How to prove that $$ 7(100 ^{100}) + 8 \equiv 3^{90} - 21\ (\mathrm{mod} 28)?$$
I assumed the statement to be true. Then went on to show that both sides have the same remainder when divided by $28$.
$7(100)(100^{99}) + 8$ gives a remainder of $8$ when divided by $28$.
I don't know how to get the same remainder from $3^{90} - 21$.

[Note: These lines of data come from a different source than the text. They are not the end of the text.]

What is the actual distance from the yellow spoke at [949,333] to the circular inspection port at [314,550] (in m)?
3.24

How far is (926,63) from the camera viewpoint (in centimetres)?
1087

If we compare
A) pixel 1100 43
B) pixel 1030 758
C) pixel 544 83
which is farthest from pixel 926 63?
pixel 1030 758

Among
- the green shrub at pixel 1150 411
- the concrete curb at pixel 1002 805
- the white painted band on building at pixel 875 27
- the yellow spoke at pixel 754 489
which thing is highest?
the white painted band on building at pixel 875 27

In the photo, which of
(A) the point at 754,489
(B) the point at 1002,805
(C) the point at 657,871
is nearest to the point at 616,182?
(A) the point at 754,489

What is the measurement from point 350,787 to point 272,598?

You know that $$3^3\equiv 97\equiv -1\pmod{28}.$$
So
$$3^{90}-21\equiv (-1)^{30}-21\equiv 8\pmod{28}.$$
And you can check that $$100^4\equiv 100\pmod {28}$$
so
$$7(100^{100})+8\equiv 7\times 100+8\equiv 8\pmod{28}.$$
So this statement is true.
to calculate the remainder of $3^{90}-21$ you should use eulers theorem on the left side, notice $\varphi(28)=12$, so $3^{90}=3^{84}3^6\equiv 3^6\equiv 27^2\equiv 1 \bmod 28$, Hence $3^{90}-21\equiv 1-21\equiv-20\equiv 8\bmod 28$
As you have observed, $7\cdot 100^{100} \equiv 0 \bmod 28$. So what we want to prove then is $3^{90}\equiv 8+21\equiv29\equiv 1 \bmod 28$
The Carmichael function $\lambda(28)={\rm lcm}(\lambda(4),\lambda(7)) = {\rm lcm}(2, 6) = 6$ means that the cycle of values for $3^k \bmod 28$ is either $6$ in length or divides $6$ in length, and since $\gcd(3,28)=1$ then we know $3^6\equiv 1 \bmod 28$. In fact we can also see this directly since $3^3=27\equiv-1\bmod 28$ (but this discovery is not needed).
So since $3^6\equiv 1 \bmod 28$ then also $3^{90}\equiv (3^6)^{15}\equiv 1^{15}\equiv 1\bmod 28 $ and the result holds.